Can Vietnam’s hardline stance on cryptocurrency be a blessing in disguise?
It can be, if you’re looking at it from the right vantage. In July of this year, the State Securities Commission (SSC) banned local companies from providing any related cryptocurrency products, services, or transactions, along with collaborating with any external cryptocurrency ventures. And just one month later, the Vietnamese Customs Department followed through on a proposed ban of all mining imports, mostly models from China’s Bitmain.
Most people would view these policies, even if the Vietnamese government comes around to establishing more cryptocurrency-friendly regulation, as a fatal blow to the industry. After all, other countries in Asia Pacific – including everyone from Indonesia and Korea to Singapore and the Philippines – are racing to launch nation- and city-wide cryptocurrency initiatives and projects, such as cryptohubs in Cagayan and Jeju. Vietnam’s current ban would seem to set it far behind this regional race, and they’re right: The country may never catch up to its peers, at least as it comes to cryptocurrency.
Now that cryptocurrency is effectively banned in Vietnam, the nation’s entrepreneurs, developers, and investors can flock to its underlying technology: blockchain. Though cryptocurrency and the blockchain are often erroneously used in place of one another, the blockchain refers only to the tech. To put it simply, blockchain is a public ledger of records, and it promises to potentially upend many different global industries, such as real estate, digital rights, and healthcare through decentralization.
The cryptocurrency ban in Vietnam, in short, should be viewed as a hidden advantage. It spares the nation’s talent from competing in the hotly contested, regional cryptocurrency battle, and it enables them to focus on the greater opportunity present in blockchain. In doing so, Vietnam can leapfrog its neighbors. While they fight to establish the top cryptohub to varying degrees of success, Vietnam can distinguish itself as the best place for blockchain innovation, in Asia and perhaps even the world.
For Vietnam to be a global blockchain hub, the country’s talent must have the foresight to recognize which platforms in the space can elevate them to success, much in the same way that the Vietnamese developers who were smart enough to build for the App Store or Google Play early on were able to profit handsomely, such as Dong Nguyen, the maker of Flappy Bird.

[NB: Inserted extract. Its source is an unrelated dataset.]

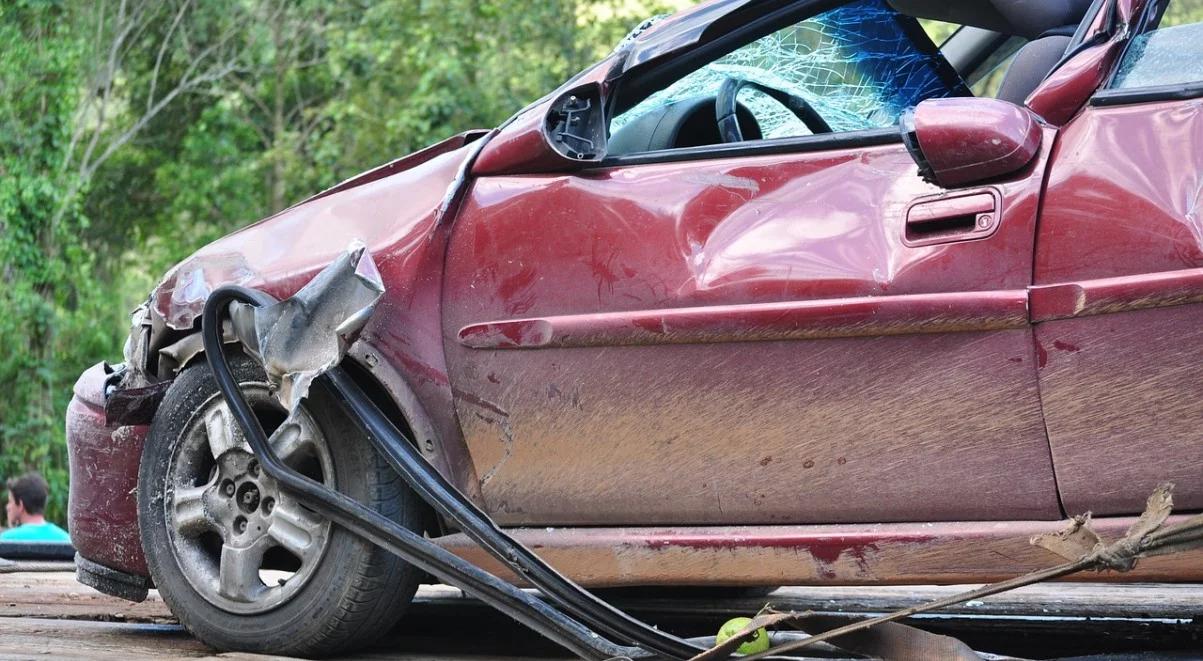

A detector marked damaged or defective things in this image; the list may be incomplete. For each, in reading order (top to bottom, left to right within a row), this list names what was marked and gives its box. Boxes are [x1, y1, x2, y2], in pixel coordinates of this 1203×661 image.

shattered windshield [611, 0, 967, 137]
crumpled hood [147, 131, 486, 332]
broken plastic piece [230, 239, 384, 409]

In this view, Vietnamese founders would be wise to take a look at such platforms as XPhone, the new blockchain-based phone made by Indonesia’s Pundi X.
Primarily known for its cryptocurrency point-of-sale system, the XPOS, Pundi X’s foray into smart phones made headlines around the world. The XPhone is built around a blockchain-based operating system, Function X, which even includes FXTP, a new transmission protocol. The XPhone will allow users to make calls and receive messages completely via blockchain nodes, obviating the need for a phone number. This blockchain-based messaging can be toggled on and off via the XPhone’s operating system, which builds upon Android 9.0.
Most promisingly, Pundi X is making it easy for Android and web developers to transition into building apps for their the XPhone’s blockchain-based operating system by building a community and developing the ecosystem. The XPhone is still in its early stages – it will not be released commercially until the second quarter of 2019 – so any Vietnamese entrepreneur or developer that begins developing for the platform early on may have a first-mover advantage in their particular apps category.
Of course, adopting and investing into platforms on the bleeding edge of blockchain technology like Pundi X’s XPhone – or any other for that matter – requires a leap of faith. We must not lament upon what we lost in the country’s cryptocurrency regulation. Instead we should focus on what Vietnam can transform into if the nation’s top tech talent joins together: We can become a global hub for blockchain innovation.